Download or read book The Ethics of Authorship written by Daniel Berthold-Bond and published by Fordham Univ Press. This book was released on 2011 with total page 246 pages. Available in PDF, EPUB and Kindle. Book excerpt: "An original and stimulating account of both Kierkegaard and Hegel that succeeds by focusing on the philosophy of language espoused by each thinker. Berthold brings a rich tapestry of thinkers into play and provides unexpected entry into the lives of both writers."--David Macgregor, University of Western Ontario.
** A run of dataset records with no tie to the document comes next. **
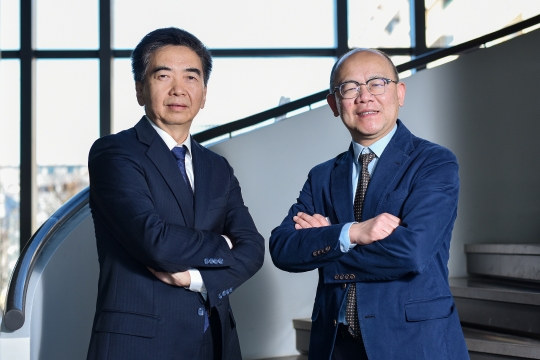 Du Xiaodong i Liu Zhen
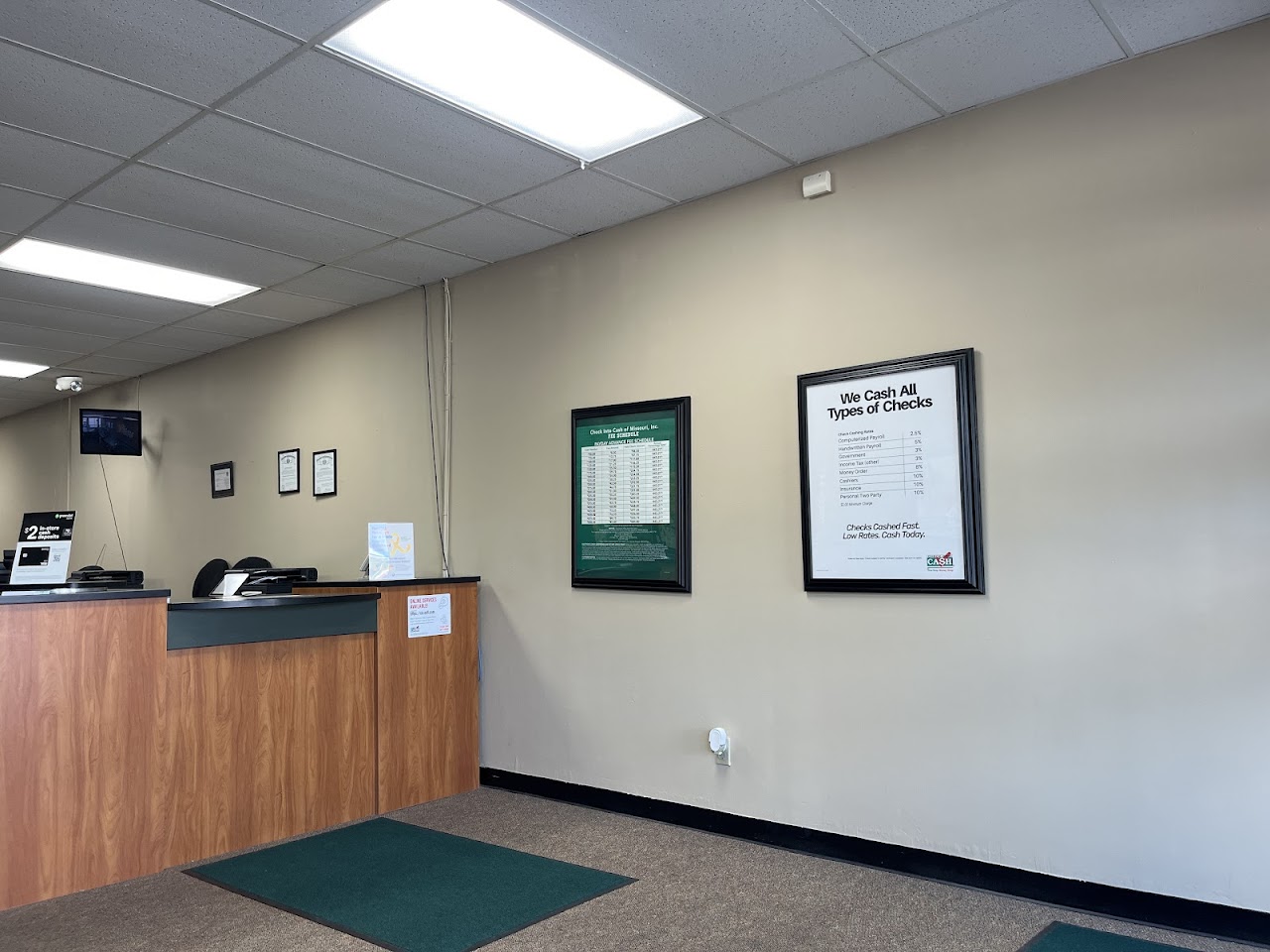 Check Into Cash - exterior - Kansas City, Kansas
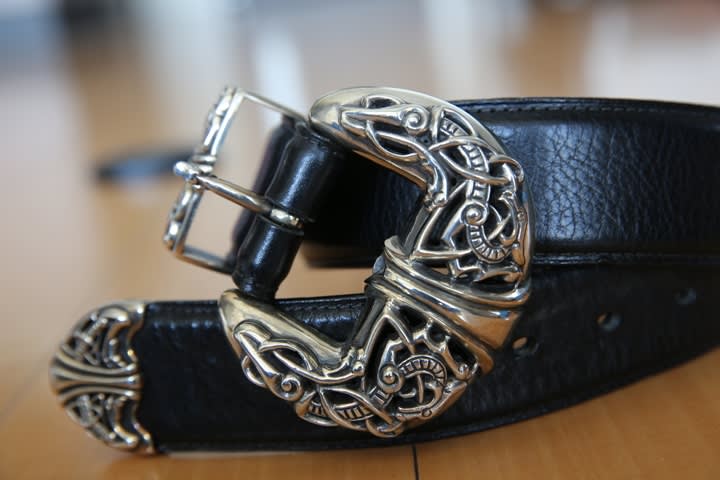 ケルティックベルト (CHROME HEARTS) - 復刻版つぼやきブログ ケルティックベルト (CHROME HEARTS) - 復刻版つぼやきブログ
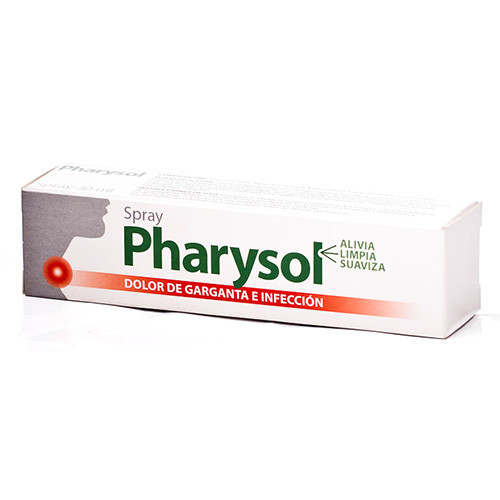 Imagen de Pharysol garganta spray 30ml
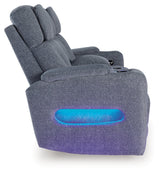 Studio Cave Steel Power Reclining Living Room Set by Ashley at Eve Furniture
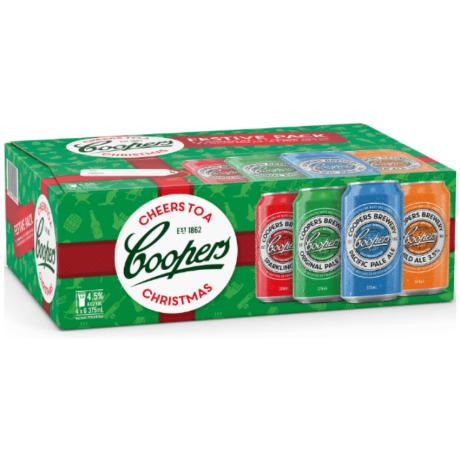 COOPERS MIXED CASE 375ML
Book Kundera and the Ambiguity of Authorship

Download or read book Kundera and the Ambiguity of Authorship written by Christine Angela Knoop and published by MHRA. This book was released on 2011 with total page 208 pages. Available in PDF, EPUB and Kindle. Book excerpt: The scholarly debate about authorship has not only transcended all aspects of literary studies, but has also prompted contemporary authors to counter, subvert, and challenge it. One author to whom this applies in particular is Milan Kundera. In this study, Christine Knoop re-examines Kundera's essayistic and novelistic work against the background of the theoretical paradigms of literary authority, intention, and ownership. In so doing, she demonstrates how he overcomes traditional theoretical distinctions by postulating the existence of both a strong, powerful author figure and of potentially boundless literary meaning. Kundera's radically ambiguous conception of the author in the novel, developed primarily to influence the reader, is discussed and developed to cast new light on the critical debate about authorship at large while maintaining his primary conjecture that authorship as such is perpetually hybrid, dynamic, and unfinished. Christine Angela Knoop is a Postdoctoral Research Associate for Comparative Literature at Freie Universitat Berlin.